Another argument for the existence of reality is that without it one cannot make sense of evolution. Evolution requires a selection environment that exists more or less independently from the forms of life that are selected for fitness, indeed the notion of ‘fitness’ would not make sense without it.

As noted by Braver, for similar reasons it does not make sense to doubt the existence of other people or empathy, the possibility of some understanding of what others feel and think. However, the very word ‘empathy’ misleadingly suggests that selves pre-exist before they interact.

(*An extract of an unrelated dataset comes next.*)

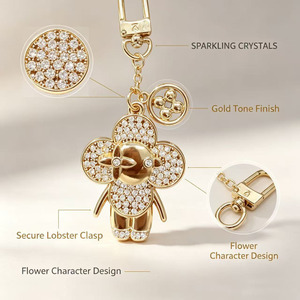 Llavero de Aleación con Diseño de Dibujos Animados Creativos y Diamantes de Imitación para Equipaje - Souvenir para Mujeres y Niñas - Product Image 1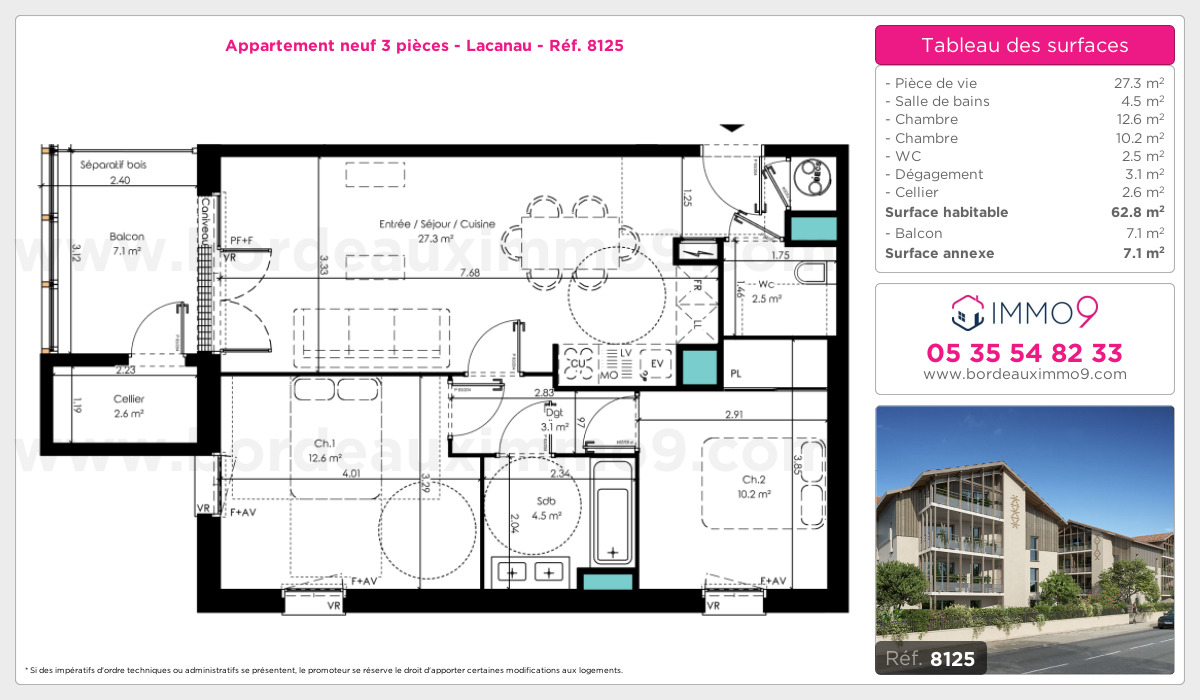 Plan et surfaces, Programme neuf Lacanau Référence n° 8125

We develop a sense of identity by inference from what we see other people do or say, and by trying to look at ourselves from their perspective. Without empathy we could hardly develop ourselves. It is precarious to be an autist.

In sum, reality and empathy are to be taken for granted. David Hume already recognized that humanity is based on custom, habit and empathy.

In this blog I have paid much attention to the notion of trust: what it means, its viability, its basis, and its limits (items 68-73). I argued that empathy is crucial for it: the ability to view one’s actions from the perspective of the other.

Rational self-interest of the autonomous individual, as assumed in economic theory, is self-defeating. For life, to be a self, one needs socialization and that requires empathy, with a non-rational foundation in feelings and perceptions (Braver, p. 170). Wittgenstein saw that trust must come before suspicion (Braver, p. 166).

How would the economy look from this perspective? Soon in this blog I will start a long series on that: on economics and on markets.


[1] Here, as before, I employ Lee Braver, 2012, Groundless grounds; A study of Wittgenstein and Heidegger, MIT Press.